3. Toddy Castledine — Nacogdoches, Texas — 18-6 (5)
Texas pro Todd Castledine came in to the tournament with a good idea of how he needed to fish, but as day one unfolded, he put together the pieces of a puzzle that delivered his third-place weight of 18-6.
“I figured something out today,” Castledine says. “It’s a timing deal; there’s a couple of things going on that I wasn’t aware of.
“I did this in practice; I just had a bite or two and then left. Today, it just kind of materialized. I actually went back over water I had already fished and caught more, so I kind of figured it out.”
Holding his cards low on the specifics, Castledine says his success hinged on both his bait choice and the specific presentation. The only concern, he says, is that Grand Lake’s potentially falling water might disrupt his pattern on day two.
4. Toby Hartsell — Afton, Okla. — 17-14 (5)

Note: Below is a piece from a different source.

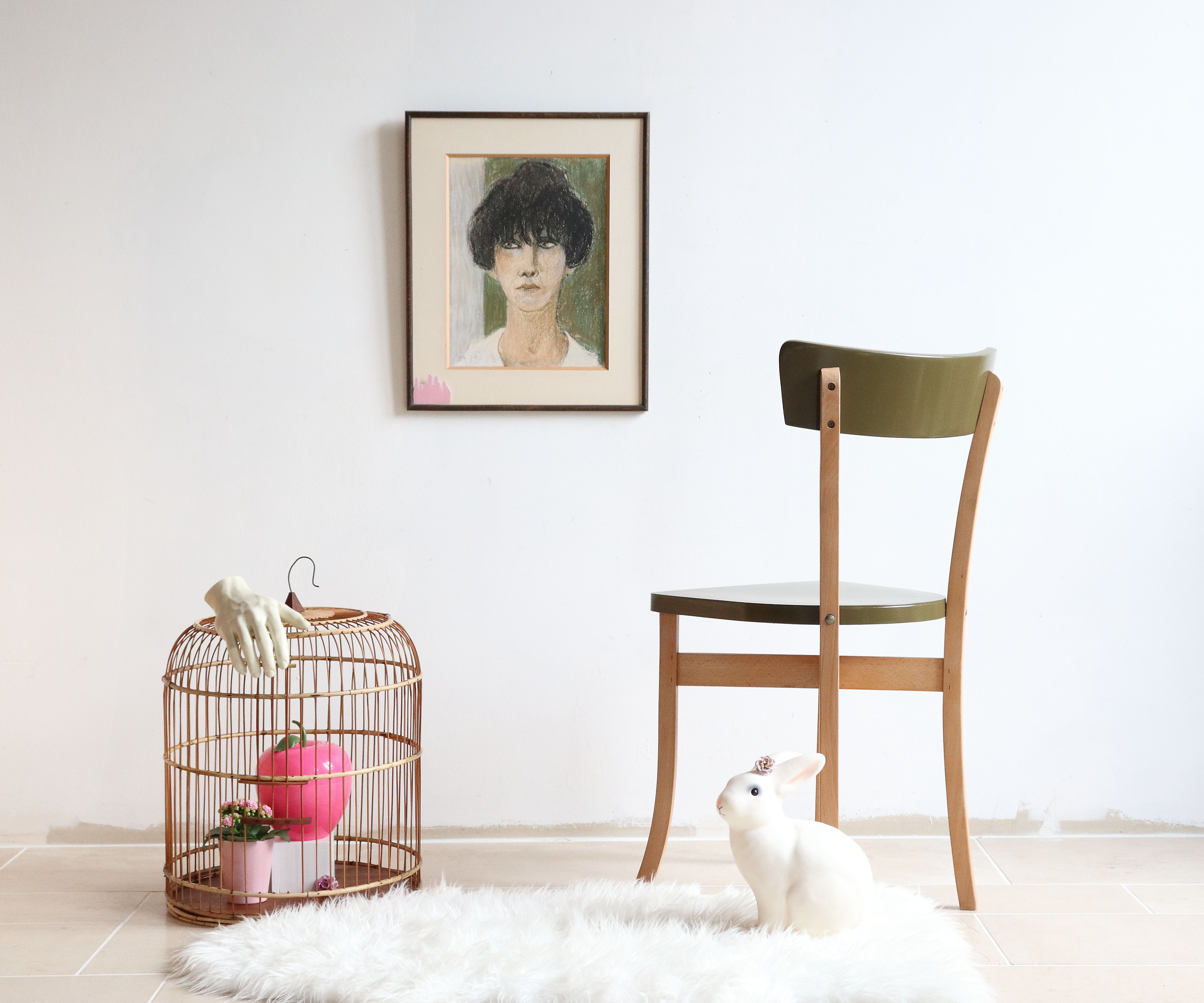 Vintage wooden bistro chair revisited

Calling his day a classic fall junk-fishing deal, Oklahoma’s Toby Hartsell caught a limit of 17-14. With random success on a wide range of reaction baits and slow presentations, Hartsell says the day’s mix of clouds and sunny conditions did not hinder him.
“I caught them just as good when the sun came out; it didn’t seem like it mattered,” he admits. “Of course, I think the sun puts them on cover tighter. I caught them pretty much all day long, off and on.”

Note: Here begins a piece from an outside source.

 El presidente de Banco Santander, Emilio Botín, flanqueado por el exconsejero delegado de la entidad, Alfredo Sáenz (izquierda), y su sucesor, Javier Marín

Hartsell says he never found a consistent habitat preference. For him, targeting windward banks was more important.
“I’m just fishing; slinging here, flipping here,” he explains. “I had 18 rods on my deck, and I used every one of them. Probably four different baits produced my weight.”
5. Paul Heavener — Tulsa, Okla. — 14-11 (5)

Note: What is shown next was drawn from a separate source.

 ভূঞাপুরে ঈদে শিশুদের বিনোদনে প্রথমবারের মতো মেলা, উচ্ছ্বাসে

While many lamented the limitations of cold front conditions, Paul Heavener said he actually welcomed the change. His perception was evidenced in a limit of 14-11 that landed him in fifth place.
“I think the cold front helped me out,” Heavener says. “Practice was really tough and hot, so I think the weather change was a blessing. I feel like the fish bit pretty good. I was expecting a lot better weights from everybody, but I had a strong day.
“I feel like the fish were more comfortable cruising up shallow. The bait’s up shallow, so it’s just a matter of time until the big fish get up there with them. With the sunny days we’ve had, they just weren’t up there.”
Fishing the mid-lake area, Heavener rotated among several key stretches of bank. He says he caught all of his fish on reaction baits. His main bait was a square-bill crankbait.